> _Brief descriptive captions_
▼

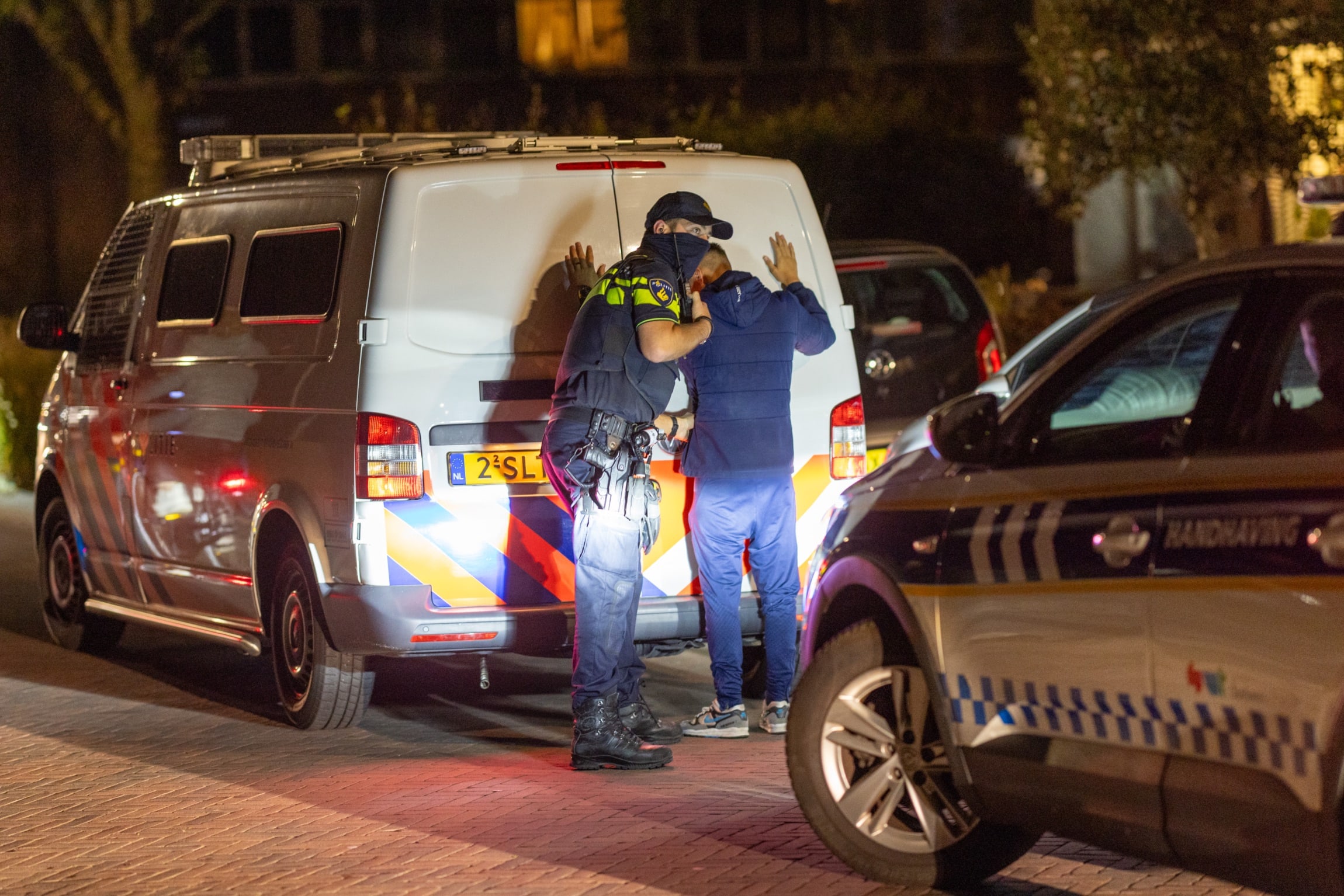 Opnieuw onrustig in Sneek, politie grijpt in tegen jongeren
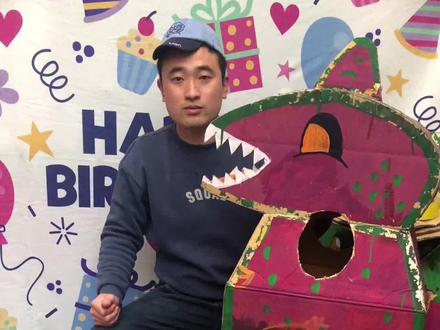 #纸箱恐龙 孩子们,你们要的纸箱恐龙战衣教程、恐龙爸爸给你们做好了✌️#抖音小助手 #亲子手工#当事人在抖音@DOU+小助手#搞笑#搞笑一家人 #禹禹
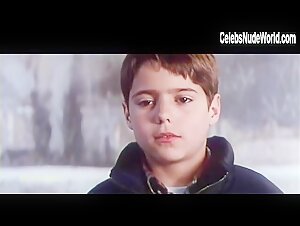 Laura Mana in La teta y la luna (1994) 11
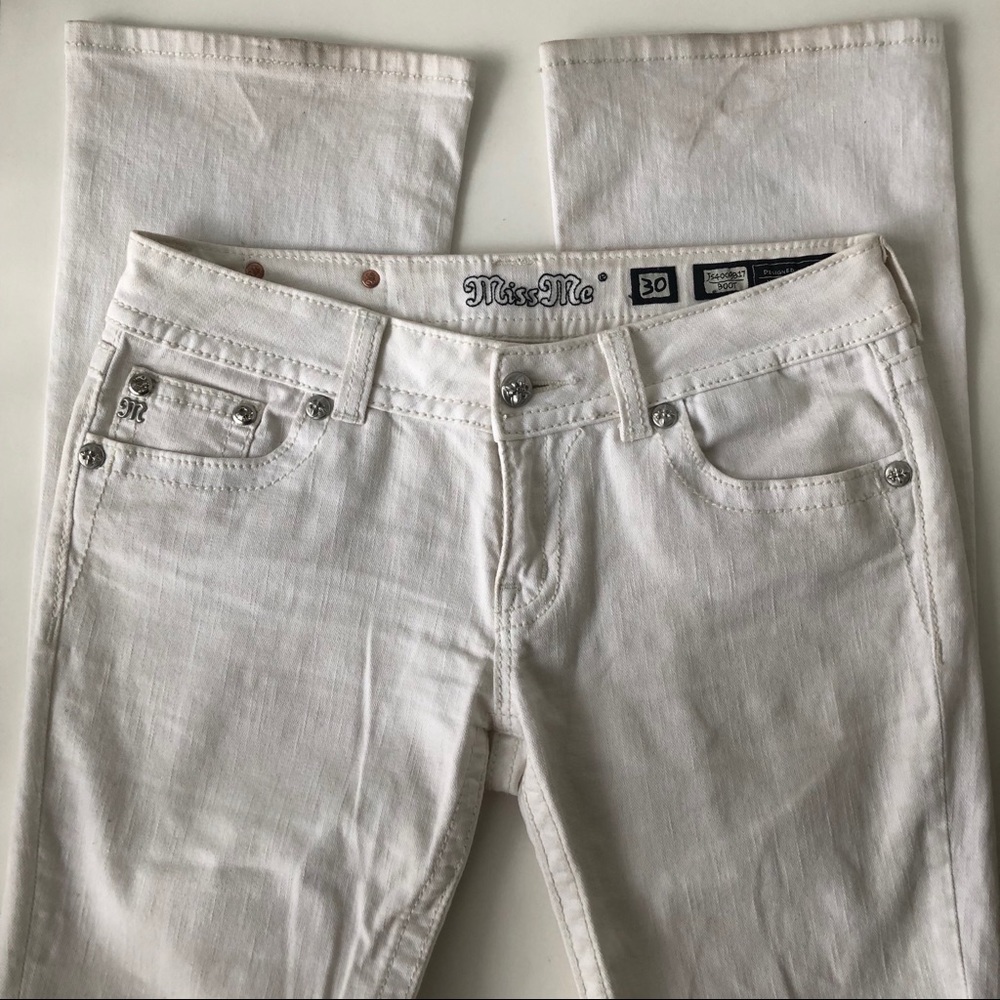 Miss Me Embellished White Boot Cut Jeans 10/30
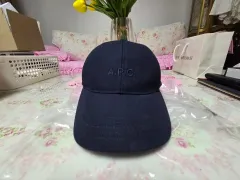 店舗正規品 A.P.C. アー・ペー・セー ベースボールキャップ ネイビー 未使用級のサムネイル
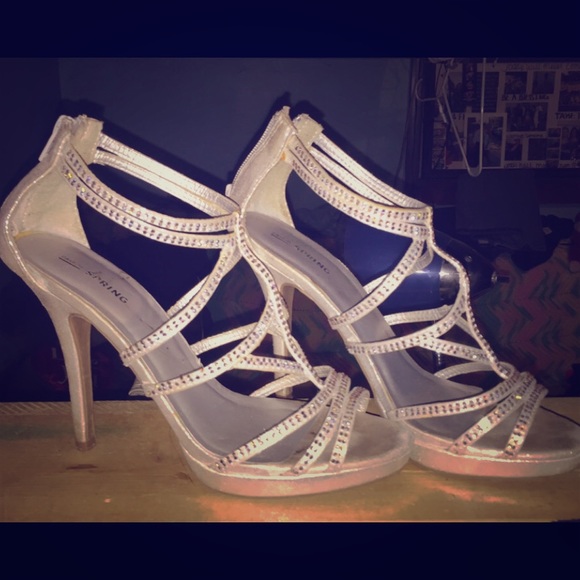 Prom shoes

▲

> _WORK REQUEST_
Give all the entries again exactly, dropping each picture.

> _WRITTEN SOLUTION_
 Opnieuw onrustig in Sneek, politie grijpt in tegen jongeren
 #纸箱恐龙 孩子们,你们要的纸箱恐龙战衣教程、恐龙爸爸给你们做好了✌️#抖音小助手 #亲子手工#当事人在抖音@DOU+小助手#搞笑#搞笑一家人 #禹禹
 Laura Mana in La teta y la luna (1994) 11
 Miss Me Embellished White Boot Cut Jeans 10/30
 店舗正規品 A.P.C. アー・ペー・セー ベースボールキャップ ネイビー 未使用級のサムネイル
 Prom shoes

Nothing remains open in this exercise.